Test& operator=(const Test& aRhs) {
theID = aRhs.theID;
theName = aRhs.theName;

return *this;
}

private:
int theID;
std::string theName;

};

as it is, the code works and I have nothing to say at first glance. However , who knows how the class will be extended in the future?

Imagine that in a future version some members are added:

class Test {
Test()
:theId(0), theName(), theHammer(), theHeap(0)
{}

Test& operator=(const Test& aRhs) {
theID = aRhs.theID;
theName = aRhs.theName;
theHammer = aRhs.theHammer; //This is going to be a bottleneck
theHeap = aRhs.theHeap; //This is wrong

return *this;
}

private:
int theID;
std::string theName;
HugeClass theHammer; //Extra member with huge footprint
HeapClass* theHeap; //Extra member on heap
};
as you can see with these two extra members following the same code line as the previous version the code becomes invalid. The objection I get is: "if one day someone adds those two members then they will take care to write it correctly", unfortunately in the real world it doesn't work like this. The average programmer will just add those two extra members following the code line already in place, following the rule: "after all if the code works for the already present members why shouldn't it be the same for the two extra members I have been told to add?"

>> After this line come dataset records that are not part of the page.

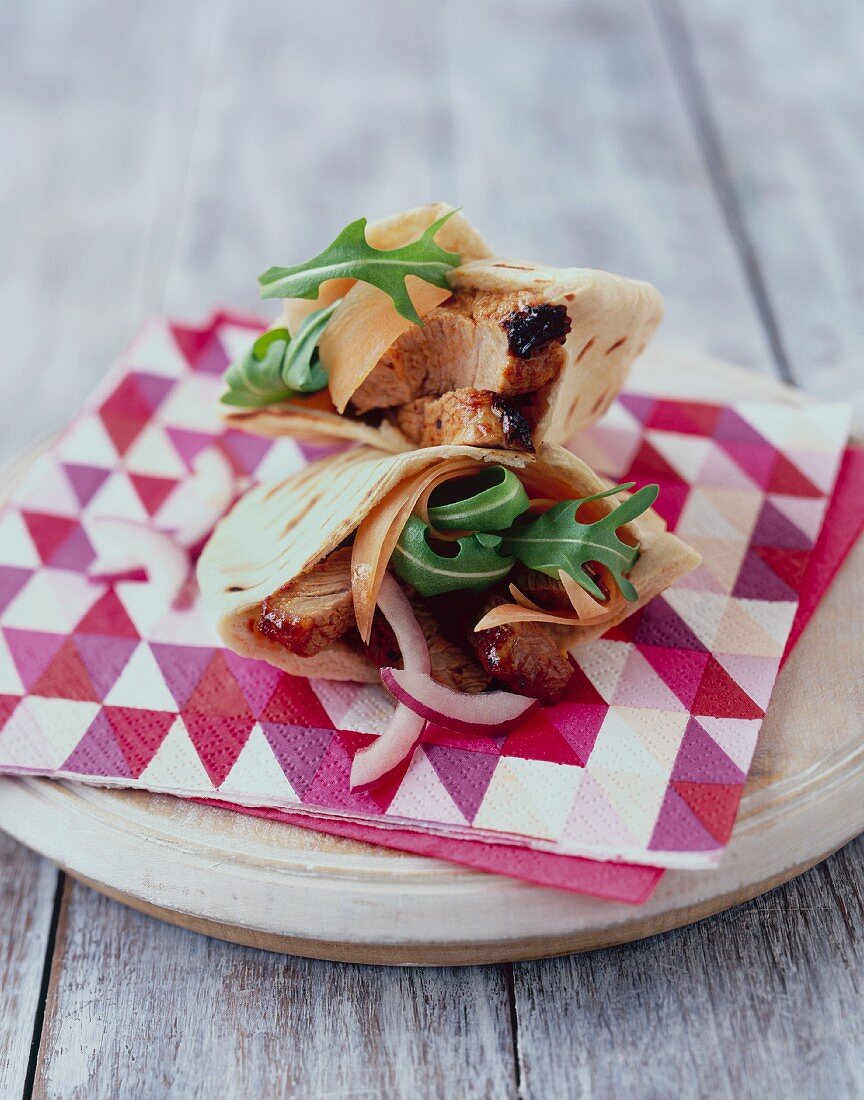 Pork and rocket wraps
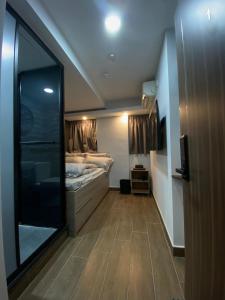 Ένα ή περισσότερα κρεβάτια σε δωμάτιο στο T A B Hotel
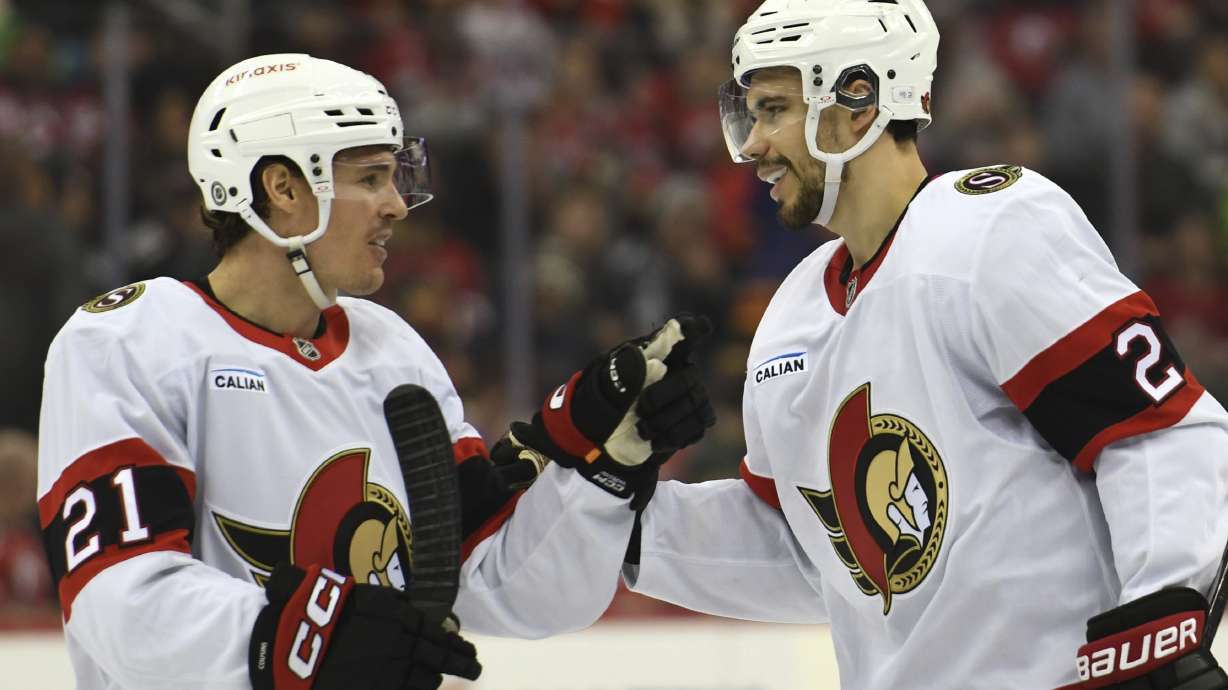 Ottawa Senators' Nick Cousins, left, and Artem Zub, right, react after Zub scored a goal during the third period of an NHL hockey game against the New Jersey Devils Sunday, Jan. 19, 2025, in Newark, N.J.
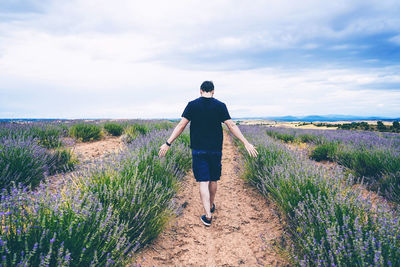 Rear view of man standing on field against sky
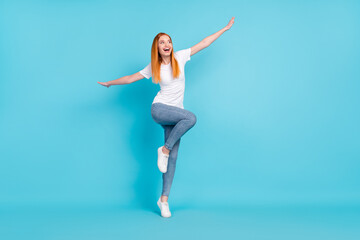 Fototapeta na wymiar Full length photo of young girl happy positive smile playful hands wings look empty space isolated over blue color background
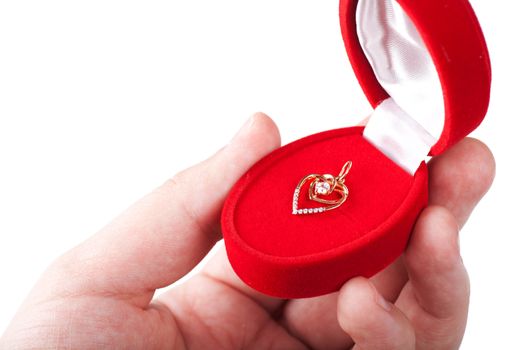 Red gift box with jewellery in a hand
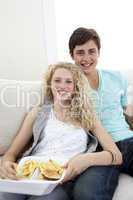 Teen couple eating burgers and fries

The trick to avoid problems like this is to write the right code, from the start thinking of what will happen in the future, when possible of course. Usually the change to make is just a matter of a few lines of code and a two line comment in order to warn the future coders.

The original well written class would have been:

class Test {
Test()
:theId(0), theName()
{}

Test& operator=(const Test& aRhs) {

//Check for a self assignment
if (this != &aRhs) {
theID = aRhs.theID;
theName = aRhs.theName;
}

return *this;
}
private:
int theID;
std::string theName;
};

At this point the objection is: why check for a self assignment when the event is never going to happen? Who will ever write:

Test t;

t=t;
well, the code is valid so be sure someone will, also it is not always easy to spot a self assignment, consider this:

t[j] = t[i];

or even:

Test t;
Test &a = t;
...
t = a;

The real question here is: "Why was the assignment operator in that class was ever implemented?" The question makes a point, the operator was not needed at all, in that case the right thing to do is to remove it.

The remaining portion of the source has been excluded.